Near-field optical microscopy with a nanodiamond-based single photon tip

TL;DR

This paper presents a room-temperature, stable single-photon scanning probe using a nanodiamond with a nitrogen-vacancy center, enabling near-field optical imaging of nanostructures for quantum nanoscience applications.

Contribution

It introduces a novel nanodiamond-based single-photon tip for near-field microscopy, combining stability and room-temperature operation.

Findings

Achieved stable, blinking-free single-photon emission at room temperature.

Successfully imaged metallic nanostructures in the near-field.

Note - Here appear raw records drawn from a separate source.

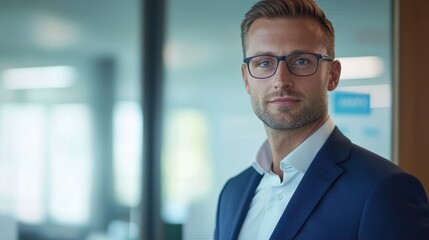 Fototapeta premium A confident young European male financial advisor in a professional setting. He is wearing glasses and a suit, projecting expertise and trustworthiness in finance.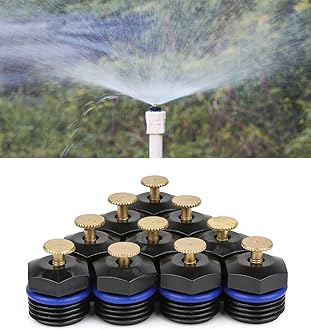 La Farah 10pcs Atomizing Sprinkler Nozzle,1/2 inch Garden Misting Emitters Adjustable 360 Degree Agricultural Lawn Watering Universal Nozzle Irrigation Micro Spray Heads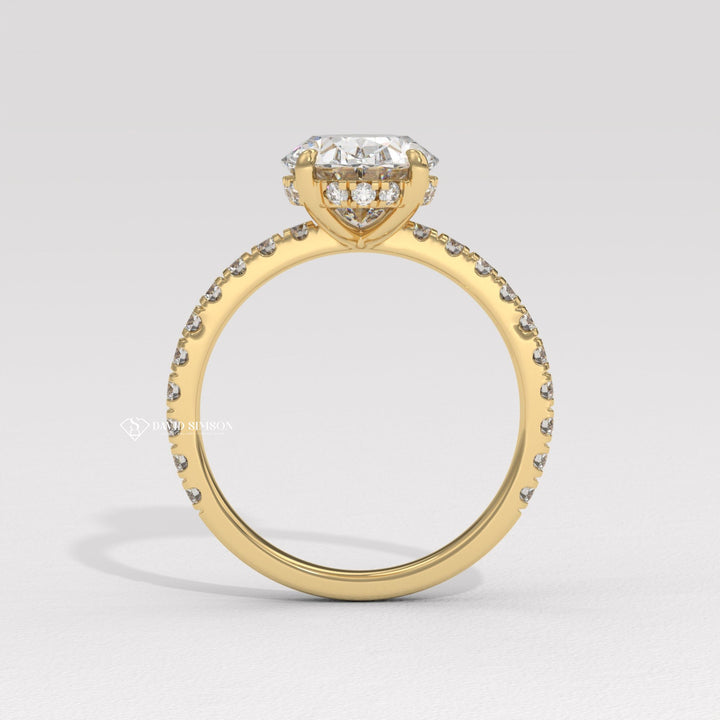 How to choose a pave ring, Pave rings for men, Princess cut pave engagement ring, Hidden halo pave engagement rings, Pave ring price guide, Vintage pave diamond rings,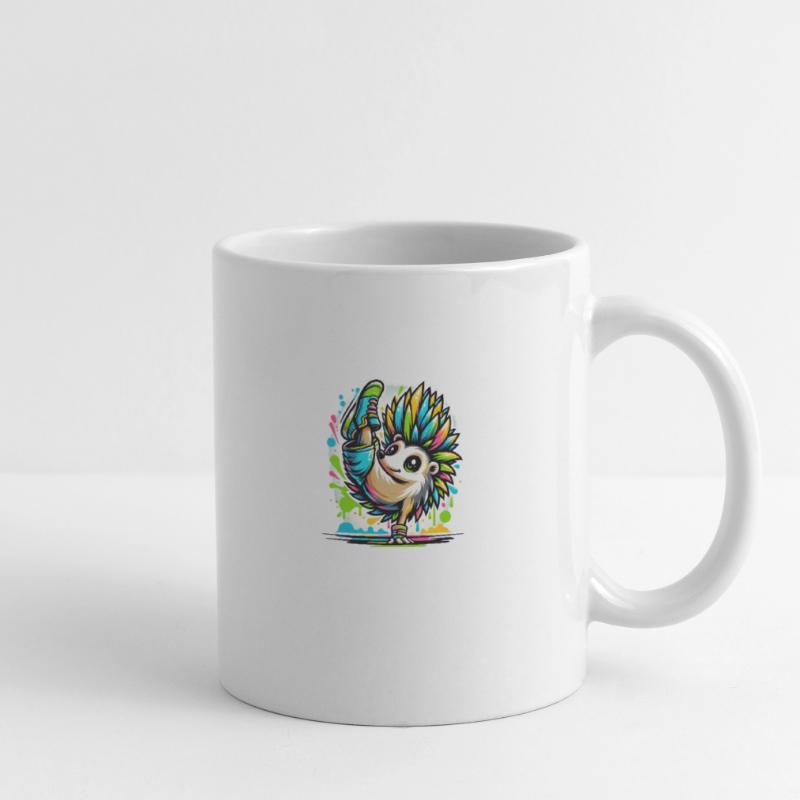 Hérisson Cool Breakdance Danse Mug blanc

Demonstrated potential for quantum plasmonics and nanoscience applications.

Abstract

We introduce a point-like scanning single-photon source that operates at room temperature and offers an exceptional photostability (no blinking, no bleaching). This is obtained by grafting in a controlled way a diamond nanocrystal (size around 20 nm) with single nitrogen-vacancy color-center occupancy at the apex of an optical probe. As an application, we image metallic nanostructures in the near-field, thereby achieving a near-field scanning single-photon microscopy working at room temperature on the long term. Our work may be of importance to various emerging fields of nanoscience where an accurate positioning of a quantum emitter is required such as for example quantum plasmonics.